● **What is required**:
In the records below, find the line containing "Jabra Cuffie: Jabra" and the line containing "منظمة السلام الدولية". Give again exactly those lines and every line between them, omitting the pictures.

● **Listed entries**:
-*-*-

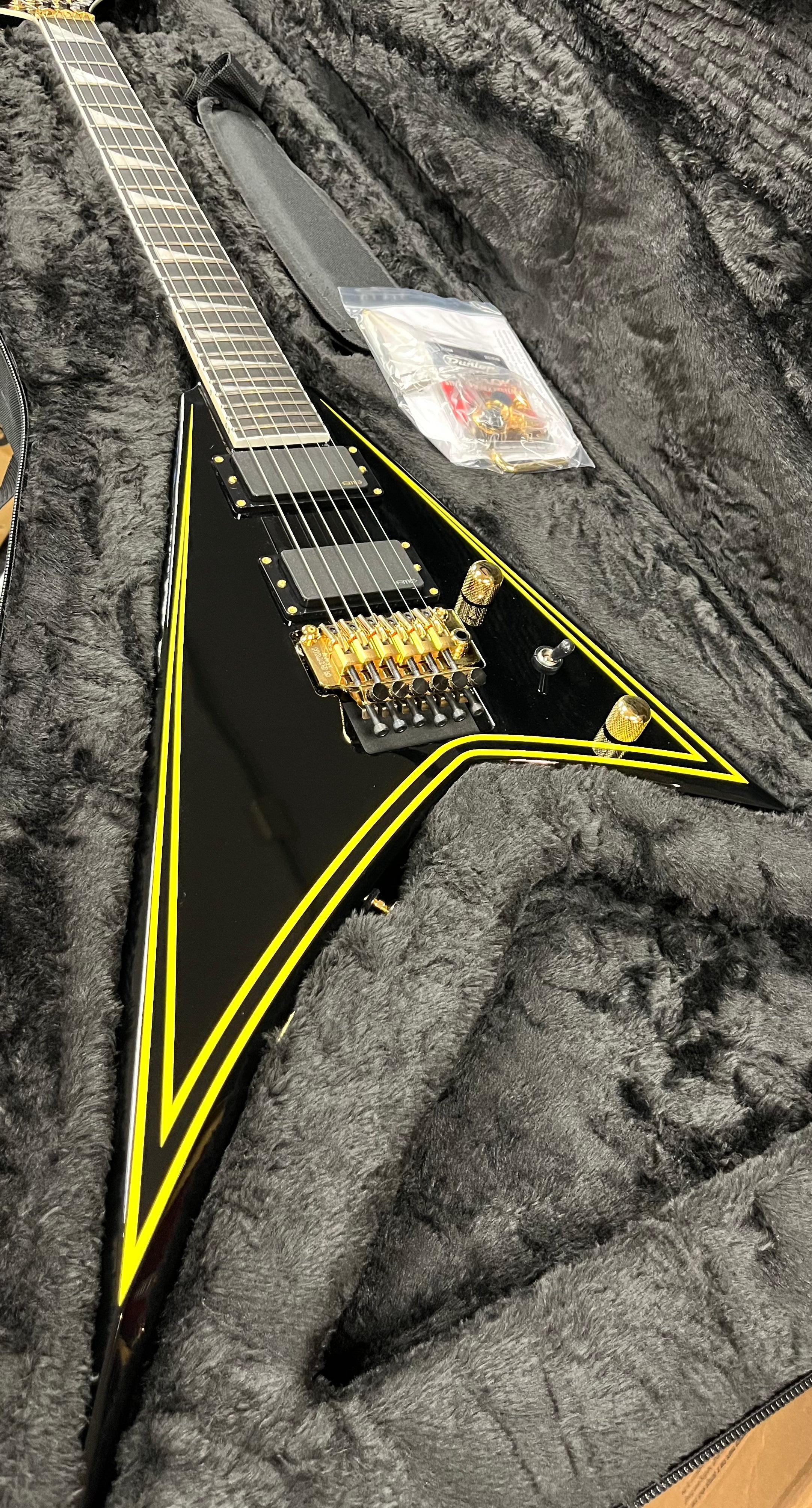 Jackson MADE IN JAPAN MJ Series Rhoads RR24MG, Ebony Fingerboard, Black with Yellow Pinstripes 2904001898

-*-*-

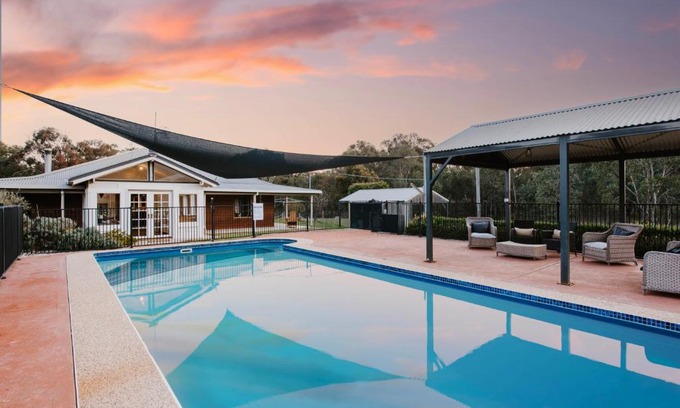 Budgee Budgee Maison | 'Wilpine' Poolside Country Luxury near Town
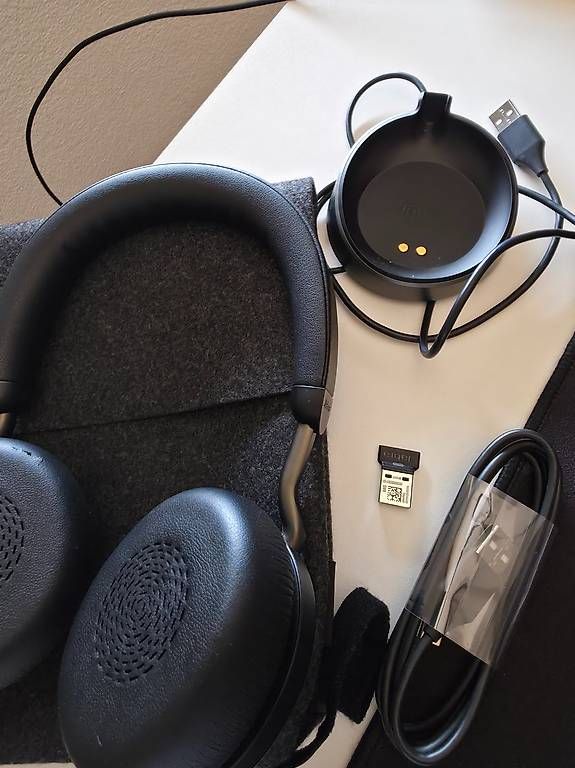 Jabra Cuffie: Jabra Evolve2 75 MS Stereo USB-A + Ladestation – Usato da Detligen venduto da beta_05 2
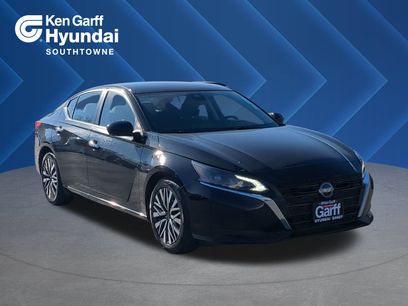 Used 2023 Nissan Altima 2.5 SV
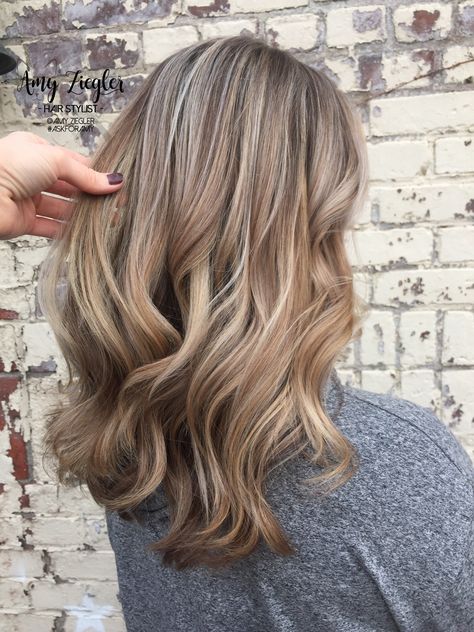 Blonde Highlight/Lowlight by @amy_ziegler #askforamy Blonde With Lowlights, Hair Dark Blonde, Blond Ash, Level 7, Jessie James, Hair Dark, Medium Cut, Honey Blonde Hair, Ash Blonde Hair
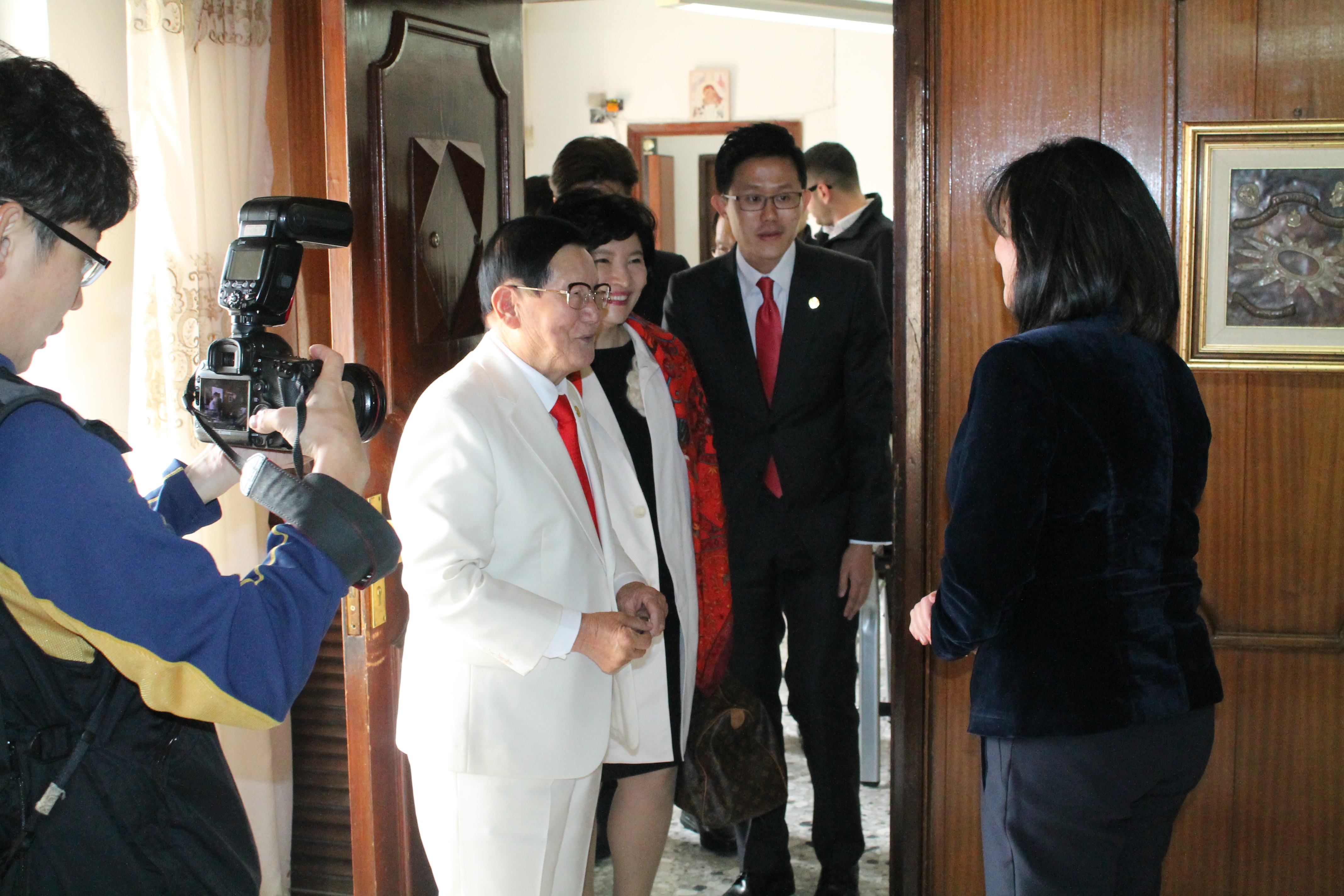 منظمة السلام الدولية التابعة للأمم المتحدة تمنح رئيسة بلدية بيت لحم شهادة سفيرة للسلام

-*-*-

● **Response below**:
 Jabra Cuffie: Jabra Evolve2 75 MS Stereo USB-A + Ladestation – Usato da Detligen venduto da beta_05 2
 Used 2023 Nissan Altima 2.5 SV
 Blonde Highlight/Lowlight by @amy_ziegler #askforamy Blonde With Lowlights, Hair Dark Blonde, Blond Ash, Level 7, Jessie James, Hair Dark, Medium Cut, Honey Blonde Hair, Ash Blonde Hair
 منظمة السلام الدولية التابعة للأمم المتحدة تمنح رئيسة بلدية بيت لحم شهادة سفيرة للسلام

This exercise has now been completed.